In the listing below, start your output at the line with "Two Large Gothic" and end it after the line with "Modal Halterneck Tank", copying every line exactly.

▶ [GIVEN INFORMATION]
/---
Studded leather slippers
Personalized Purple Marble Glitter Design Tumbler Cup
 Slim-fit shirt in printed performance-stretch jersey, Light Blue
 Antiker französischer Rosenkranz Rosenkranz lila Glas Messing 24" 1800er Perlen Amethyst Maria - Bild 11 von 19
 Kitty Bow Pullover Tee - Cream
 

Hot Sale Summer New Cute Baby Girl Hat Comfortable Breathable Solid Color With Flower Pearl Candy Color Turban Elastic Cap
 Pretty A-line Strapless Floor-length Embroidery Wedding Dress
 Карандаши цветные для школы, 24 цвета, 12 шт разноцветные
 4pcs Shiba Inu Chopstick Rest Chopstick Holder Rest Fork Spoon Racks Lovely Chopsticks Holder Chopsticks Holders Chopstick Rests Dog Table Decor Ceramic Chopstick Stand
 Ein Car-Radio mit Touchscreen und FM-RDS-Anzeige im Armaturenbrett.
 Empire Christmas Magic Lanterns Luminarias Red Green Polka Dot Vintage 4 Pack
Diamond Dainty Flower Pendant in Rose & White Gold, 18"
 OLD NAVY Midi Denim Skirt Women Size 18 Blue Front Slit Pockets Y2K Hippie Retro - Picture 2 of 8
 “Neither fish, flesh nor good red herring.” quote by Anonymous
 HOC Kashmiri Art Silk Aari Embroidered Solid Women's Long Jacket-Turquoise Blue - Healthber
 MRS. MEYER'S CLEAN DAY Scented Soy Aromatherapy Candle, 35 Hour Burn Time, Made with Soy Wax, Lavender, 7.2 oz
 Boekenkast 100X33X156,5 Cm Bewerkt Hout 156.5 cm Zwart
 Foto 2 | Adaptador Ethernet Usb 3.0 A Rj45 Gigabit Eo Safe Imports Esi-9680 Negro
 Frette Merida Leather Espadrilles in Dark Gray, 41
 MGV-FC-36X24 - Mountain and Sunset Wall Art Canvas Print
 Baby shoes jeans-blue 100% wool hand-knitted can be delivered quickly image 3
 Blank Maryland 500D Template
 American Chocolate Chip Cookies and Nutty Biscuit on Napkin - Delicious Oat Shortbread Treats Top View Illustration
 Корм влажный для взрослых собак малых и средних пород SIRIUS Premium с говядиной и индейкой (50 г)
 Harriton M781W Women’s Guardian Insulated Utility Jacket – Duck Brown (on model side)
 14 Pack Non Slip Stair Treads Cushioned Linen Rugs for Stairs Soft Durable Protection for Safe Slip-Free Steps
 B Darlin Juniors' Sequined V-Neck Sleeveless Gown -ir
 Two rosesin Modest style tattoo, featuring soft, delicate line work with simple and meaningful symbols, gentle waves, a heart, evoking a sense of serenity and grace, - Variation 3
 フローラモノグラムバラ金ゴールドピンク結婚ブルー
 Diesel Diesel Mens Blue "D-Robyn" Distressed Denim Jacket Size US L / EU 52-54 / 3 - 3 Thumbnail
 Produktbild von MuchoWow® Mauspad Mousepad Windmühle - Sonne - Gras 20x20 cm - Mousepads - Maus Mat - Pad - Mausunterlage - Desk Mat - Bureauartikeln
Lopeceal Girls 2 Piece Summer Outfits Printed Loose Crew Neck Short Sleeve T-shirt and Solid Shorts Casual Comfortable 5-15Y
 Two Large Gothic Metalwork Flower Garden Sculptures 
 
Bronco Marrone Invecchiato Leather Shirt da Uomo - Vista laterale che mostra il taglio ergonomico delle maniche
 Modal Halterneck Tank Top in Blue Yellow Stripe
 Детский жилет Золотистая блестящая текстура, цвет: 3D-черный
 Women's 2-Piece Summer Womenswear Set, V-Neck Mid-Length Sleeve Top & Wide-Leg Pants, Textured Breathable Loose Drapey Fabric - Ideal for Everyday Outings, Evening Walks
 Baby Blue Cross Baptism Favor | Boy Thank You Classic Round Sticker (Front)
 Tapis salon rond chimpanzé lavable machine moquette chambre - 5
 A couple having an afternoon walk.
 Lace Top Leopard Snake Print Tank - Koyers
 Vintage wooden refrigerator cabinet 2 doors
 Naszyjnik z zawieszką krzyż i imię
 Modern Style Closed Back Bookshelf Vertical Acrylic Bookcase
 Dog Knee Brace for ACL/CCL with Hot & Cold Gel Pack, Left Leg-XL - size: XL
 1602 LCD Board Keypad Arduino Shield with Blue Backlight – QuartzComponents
\---
▶ [RESPONSE TO THE EXERCISE]
 Two Large Gothic Metalwork Flower Garden Sculptures 
 
Bronco Marrone Invecchiato Leather Shirt da Uomo - Vista laterale che mostra il taglio ergonomico delle maniche
 Modal Halterneck Tank Top in Blue Yellow Stripe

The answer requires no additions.